Like some 20 other parking attendants employed by the City of Burlington, Farnsworth, 37, works shifts as needed at any of the nine downtown ramps. But the 445-space facility on Bank and Cherry streets and South Winooski Avenue is his home base.
Farnsworth's "office" — a wee booth with just enough room for a chair, a cash-register-and-ticket-scanning rig, a shelf and a coat hook — is cozy, though it would likely petrify a claustrophobic. Comic books, CDs and a writer's notebook offer diversion, and Farnsworth has an easy rapport with his coworker in the next booth. He considers it a steady, comfortable position with good benefits that allows him time to read and write.
Between customers last Friday morning, Farnsworth talked with Seven Days about a job that's more interesting than it appears.
SEVEN DAYS: Some people might consider your job boring. Is it?
CHRIS FARNSWORTH: Sometimes, but not really. It kind of depends on the ebb and flow of cars, and on what day of the week it is. As long as you have something to do while you're in here, you're fine.
I write a lot. I'm working on a comic book — about a guy who's trying to figure out who stole his girlfriend's soul — and I've done the first five issues. I did fall into the trap of social-media apps. A friend made me download Vine, an app that makes you sad about the human race.
As far as I'm concerned, this [ramp] is the best [in the city]. I see a lot of different people ... Cavalcades of weirdos make for interesting days.
SD: Is there anything you don't like about this job?
CF: It's cold, but that's just Burlington being Burlington. ... [I]t never really gets me down too much.
[The ramp is] next to Handy's [Service Center], so I hear them working on cars all day. That's not great, but it ends up being something I just white out. I don't even think about the exhaust fumes anymore. In this garage, there's a constant breeze.
Being still for a long period of time, though, I don't love that. But, hey, maybe if I was delivering ice in the '20s ... I'd be wishing I could sit still for three hours.
SD: Once, when I was out of cash, I paid my fee at a parking ramp with some postage stamps. You ever get anything like that?
CF: There have definitely been some attempts at bartering. I think my first week on the job I had a kid try to give me a handful of weed as payment. I was like, "Dig for quarters, buddy!" I had one dude reach into his jacket and offer me a hit off his flask. I thought, I'm so glad you're driving. That's just great.
There was one instance in which a customer implied she'd pay me with sexual favors.

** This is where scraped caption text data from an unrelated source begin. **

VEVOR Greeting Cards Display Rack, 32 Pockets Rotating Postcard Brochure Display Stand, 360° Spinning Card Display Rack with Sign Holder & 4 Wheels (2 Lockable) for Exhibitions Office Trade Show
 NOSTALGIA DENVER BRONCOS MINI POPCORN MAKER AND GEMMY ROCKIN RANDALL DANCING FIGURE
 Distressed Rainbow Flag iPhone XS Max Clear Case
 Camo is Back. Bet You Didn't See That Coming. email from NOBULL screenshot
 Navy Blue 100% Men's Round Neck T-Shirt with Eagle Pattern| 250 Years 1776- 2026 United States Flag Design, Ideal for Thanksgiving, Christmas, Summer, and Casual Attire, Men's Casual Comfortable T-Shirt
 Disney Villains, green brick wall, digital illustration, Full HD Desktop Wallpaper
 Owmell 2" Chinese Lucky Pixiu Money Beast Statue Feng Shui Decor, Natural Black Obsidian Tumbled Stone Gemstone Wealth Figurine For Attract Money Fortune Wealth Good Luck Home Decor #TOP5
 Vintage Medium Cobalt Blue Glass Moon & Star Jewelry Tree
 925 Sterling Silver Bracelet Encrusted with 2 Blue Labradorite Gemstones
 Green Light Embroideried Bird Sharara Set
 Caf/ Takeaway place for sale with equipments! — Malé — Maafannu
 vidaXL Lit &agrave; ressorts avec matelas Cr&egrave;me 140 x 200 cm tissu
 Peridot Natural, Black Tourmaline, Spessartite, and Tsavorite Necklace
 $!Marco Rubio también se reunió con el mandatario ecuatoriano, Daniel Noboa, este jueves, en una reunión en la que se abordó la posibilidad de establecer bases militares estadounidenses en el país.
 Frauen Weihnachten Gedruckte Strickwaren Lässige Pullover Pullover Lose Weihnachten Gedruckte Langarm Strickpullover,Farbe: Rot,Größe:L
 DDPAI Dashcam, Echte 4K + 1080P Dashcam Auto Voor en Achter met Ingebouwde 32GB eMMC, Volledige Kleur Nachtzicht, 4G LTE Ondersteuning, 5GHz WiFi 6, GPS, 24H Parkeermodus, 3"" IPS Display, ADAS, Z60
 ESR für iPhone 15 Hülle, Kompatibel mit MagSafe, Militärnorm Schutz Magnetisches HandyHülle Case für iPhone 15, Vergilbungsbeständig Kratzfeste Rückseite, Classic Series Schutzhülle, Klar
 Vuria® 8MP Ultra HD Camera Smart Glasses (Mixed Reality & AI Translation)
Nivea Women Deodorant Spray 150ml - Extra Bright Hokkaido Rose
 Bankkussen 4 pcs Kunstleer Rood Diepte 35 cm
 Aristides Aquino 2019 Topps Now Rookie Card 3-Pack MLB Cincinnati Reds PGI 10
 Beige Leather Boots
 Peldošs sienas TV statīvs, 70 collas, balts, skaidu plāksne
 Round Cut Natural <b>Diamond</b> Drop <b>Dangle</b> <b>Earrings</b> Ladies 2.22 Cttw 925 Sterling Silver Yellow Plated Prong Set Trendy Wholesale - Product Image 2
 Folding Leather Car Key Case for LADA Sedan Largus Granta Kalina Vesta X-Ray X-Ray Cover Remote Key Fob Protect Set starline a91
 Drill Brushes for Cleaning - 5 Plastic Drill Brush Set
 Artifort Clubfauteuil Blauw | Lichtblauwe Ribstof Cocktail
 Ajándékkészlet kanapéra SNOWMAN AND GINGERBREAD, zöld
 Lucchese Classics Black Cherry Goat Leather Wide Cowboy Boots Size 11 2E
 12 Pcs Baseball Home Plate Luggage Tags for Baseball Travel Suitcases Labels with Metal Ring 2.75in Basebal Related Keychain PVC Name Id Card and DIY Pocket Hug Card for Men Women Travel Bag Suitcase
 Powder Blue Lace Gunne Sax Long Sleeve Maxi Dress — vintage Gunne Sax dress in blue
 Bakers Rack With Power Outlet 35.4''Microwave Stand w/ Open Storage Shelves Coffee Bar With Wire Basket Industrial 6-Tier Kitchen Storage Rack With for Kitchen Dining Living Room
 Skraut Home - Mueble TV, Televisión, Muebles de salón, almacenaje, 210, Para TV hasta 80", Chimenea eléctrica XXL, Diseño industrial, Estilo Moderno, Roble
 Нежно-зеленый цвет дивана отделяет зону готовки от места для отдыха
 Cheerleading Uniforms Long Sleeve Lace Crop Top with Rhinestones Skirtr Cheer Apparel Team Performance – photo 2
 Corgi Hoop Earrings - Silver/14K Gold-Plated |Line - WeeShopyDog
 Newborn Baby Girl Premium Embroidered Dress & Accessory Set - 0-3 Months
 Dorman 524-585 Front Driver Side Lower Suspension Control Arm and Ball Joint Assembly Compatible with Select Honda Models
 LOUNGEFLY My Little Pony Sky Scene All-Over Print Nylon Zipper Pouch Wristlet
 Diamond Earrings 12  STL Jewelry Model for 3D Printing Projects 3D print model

I thought, This could be this amazing Sixteen Candles kind of thing that's actually happening to me, but in fact it was the most socially uncomfortable experience ... She said she didn't have any cash, so I asked her if she could leave anything as collateral while she found an ATM. She started insinuating that we could go "hang out" later, and ... all I could think about was filling out human resource forms.
SD: What are some other unusual things you've seen here?
CF: Just last week a guy drove into a brick wall at 30 miles an hour at 2 a.m. I guess he was drunk. Still, I don't know why people do these things in garages. There are obviously cameras everywhere.
There've been three suicide attempts since I've been working. But people don't succeed ... It's like jumping off the top of your house. I like to think people don't do it anymore because word got out that it was not a good place for suicide.
SD: Have you noticed any correlation between customer friendliness and the cars they drive?
CF: I find that the people who seem to be a lot more concerned over a dollar are, oddly enough, driving [Mercedes-] Benzes. But maybe that's how they got the Benz.
Actually, it's the plates on the cars they drive [that are more telling]. People from Massachusetts and New York want brevity from you; they want their parking thing to be done. Vermonters like to have a word, which is 90 percent good. The other 10 percent, you're like, "Dude, please, there are eight cars behind you. Go!"
SD: How do newcomers respond to the two-hours-of-free-parking policy?
CF: People sometimes don't trust what you say. When I tell them they don't owe any money, they look at me like I'm about to pitch them a time-share or something. "No," I tell them, "it's how the city works." They're like, "Bullshit." "No, I'm serious. Come on, get out."
If you look at the crappiest millionaires in the last couple decades, they're parking barons who made their money by, for instance, charging people 100 dollars a day to park near Fenway Park.
So I appreciate the benefits of civic parking ... The norm is to have people charging a shitload of money.